Rapid high-amplitude circumferential slow wave propagation during normal gastric pacemaking and dysrhythmias

• Published in: Neurogastroenterology and motility Vol. 24; no. 7; pp. e299 - e312
• Main Authors: O'Grady, G., Du, P., Paskaranandavadivel, N., Angeli, T. R., Lammers, W. J. E. P., Asirvatham, S. J., Windsor, J. A., Farrugia, G., Pullan, A. J., Cheng, L. K.
• Format: Journal Article
• Language: English
• Published: Oxford, UK Blackwell Publishing Ltd 01.07.2012
• Subjects: Animal models; Animals; arrhythmia; Cell migration; computational model; Conductance; Conduction; Data processing; Electrophysiology; Enteric nervous system; Female; gastric electrical activity; high-resolution mapping; Interstitial Cells of Cajal - physiology; Mapping; mathematical model; Membrane potential; Membrane Potentials - physiology; Models, Theoretical; Muscle, Smooth - physiology; myenteric plexus; Myoelectric Complex, Migrating - physiology; Nervous system; Pacemakers; Stomach - physiology; Submucous Plexus - physiology; Swine; Waves
• ISSN: 1350-1925; 1365-2982
• DOI: 10.1111/j.1365-2982.2012.01932.x

Background  Gastric slow waves propagate aborally as rings of excitation. Circumferential propagation does not normally occur, except at the pacemaker region. We hypothesized that (i) the unexplained high‐velocity, high‐amplitude activity associated with the pacemaker region is a consequence of circumferential propagation; (ii) rapid, high‐amplitude circumferential propagation emerges during gastric dysrhythmias; (iii) the driving network conductance might switch between interstitial cells of Cajal myenteric plexus (ICC‐MP) and circular interstitial cells of Cajal intramuscular (ICC‐IM) during circumferential propagation; and (iv) extracellular amplitudes and velocities are correlated. Methods  An experimental–theoretical study was performed. High‐resolution gastric mapping was performed in pigs during normal activation, pacing, and dysrhythmia. Activation profiles, velocities, and amplitudes were quantified. ICC pathways were theoretically evaluated in a bidomain model. Extracellular potentials were modeled as a function of membrane potentials. Key Results  High‐velocity, high‐amplitude activation was only recorded in the pacemaker region when circumferential conduction occurred. Circumferential propagation accompanied dysrhythmia in 8/8 experiments was faster than longitudinal propagation (8.9 vs 6.9 mm s−1; P = 0.004) and of higher amplitude (739 vs 528 μV; P = 0.007). Simulations predicted that ICC‐MP could be the driving network during longitudinal propagation, whereas during ectopic pacemaking, ICC‐IM could outpace and activate ICC‐MP in the circumferential axis.
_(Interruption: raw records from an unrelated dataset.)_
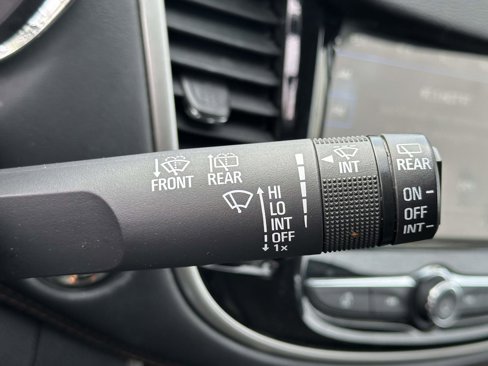 Used 2019 Chevrolet Trax LT w/ Driver Confidence Package image 26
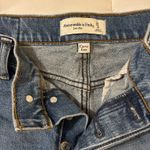 Abercrombie & Fitch Abercrombie Shorts Mid-Rise Photo 2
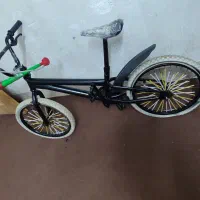 دوچرخه|دوچرخه، اسکیت، اسکوتر|شیراز, دست خضر|دیوار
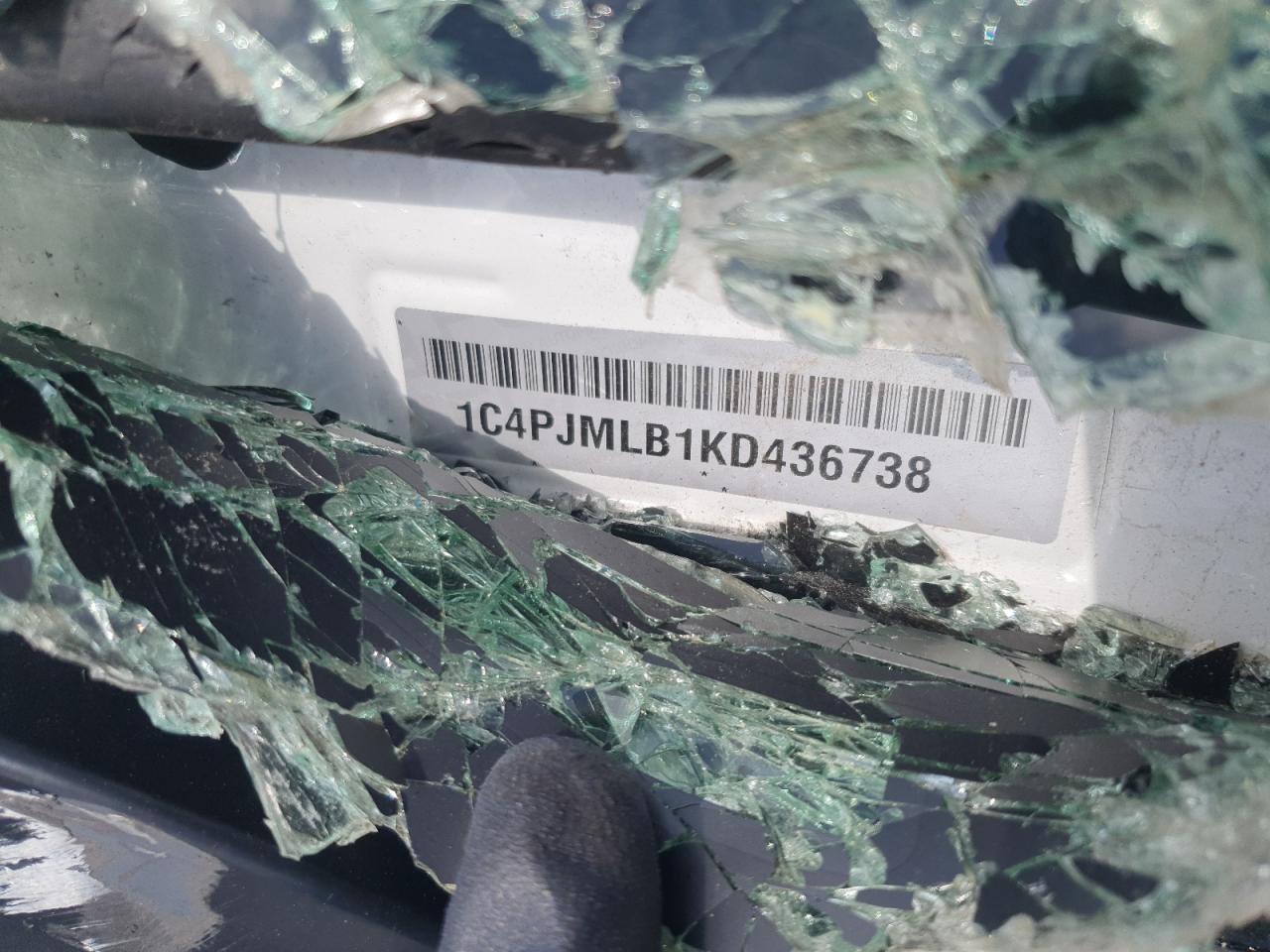 JEEP GRAND CHEROKEE LATITUDE PLUS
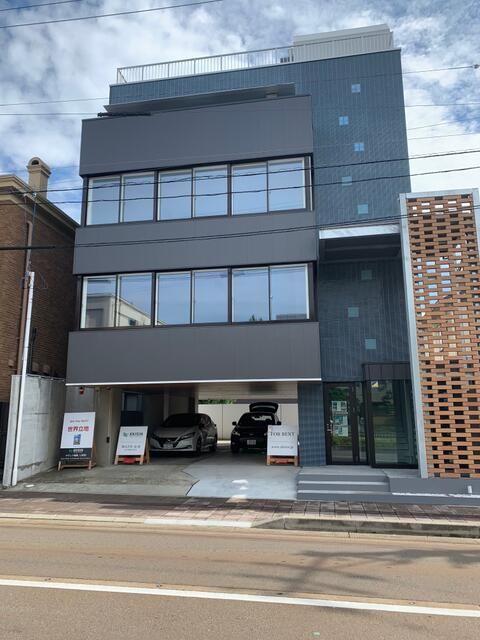 Komatsu City Office Building for Rent with Fiber Internet & Disaster Resilience - Thumbnail 3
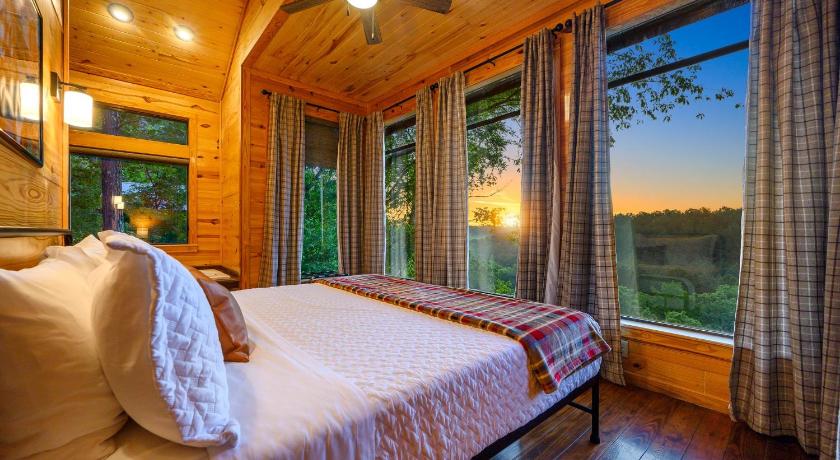 OMG Views-5 Min to Hochatown-Hot Tub-Firepit-Bathtub-Deck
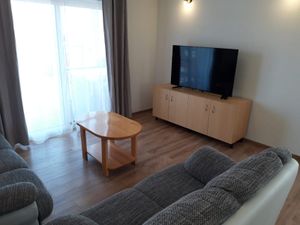 23933943-Ferienwohnung-5-Tkon-300x225-2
Experimental and modeling data demonstrated a linear relationship between velocities and amplitudes (P < 0.001). Conclusions & Inferences  The high‐velocity and high‐amplitude profile of the normal pacemaker region is due to localized circumferential propagation. Rapid circumferential propagation also emerges during a range of gastric dysrhythmias, elevating extracellular amplitudes and organizing transverse wavefronts. One possible explanation for these findings is bidirectional coupling between ICC‐MP and circular ICC‐IM networks.